Marc Leman

Agency and Musical Expression
(paper developed with Pieter-Jan Maes & Thomas Fritz)

The concept of agency refers to the sense of control of one’s actions. From the viewpoint of dynamic cognition, this is conceived in terms of anticipatory models that predict sensory outcomes of actions. A match between the predicted outcome and the sensory inflow is seen as a marker for agency. Fritz et al. (2013) show that musical agency, in a context of strenuous activities, can dramatically reduce the perception of exertion. This suggests that agency draws attention to musical states rather than body states. To explain this, we argue that musical expression requires a degree of spontaneity which can only be achieved by monitoring sensory inflow in real time.
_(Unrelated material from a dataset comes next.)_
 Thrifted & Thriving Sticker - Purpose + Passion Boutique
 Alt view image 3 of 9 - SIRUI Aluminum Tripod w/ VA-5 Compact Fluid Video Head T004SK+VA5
Our assumption is that musical expression relies on low-level automatic motor control adequate to the real-time matching of audio effect to intended musical action. Note that even small variations in the realization of these intentions would have a great impact on expressive phrasing. This is comparable to speech prosody where emphasis on a singular phoneme can change the meaning of a whole sentence. We assume that the perceived reduction in physical exertion during this type of spontaneous motor control is due to the process of combining low-level gestural patterns, motorically already well established, into larger expressive gestures. The modulating influence of this process of constant monitoring on perceived exertion may be two-fold: 1. The task of combining the gestural building block in real-time may demand so many attentional resources that fewer are devoted to bodily exertion, 2. The use of automated gestural building blocks is achieved by a non-deliberate (possibly emotional) system of motor control. This might entail a survival related optimization of control that is perceived as less taxing. The process of expressive gestural control may have its basis in social communication and thus be most prominent during musical interactions.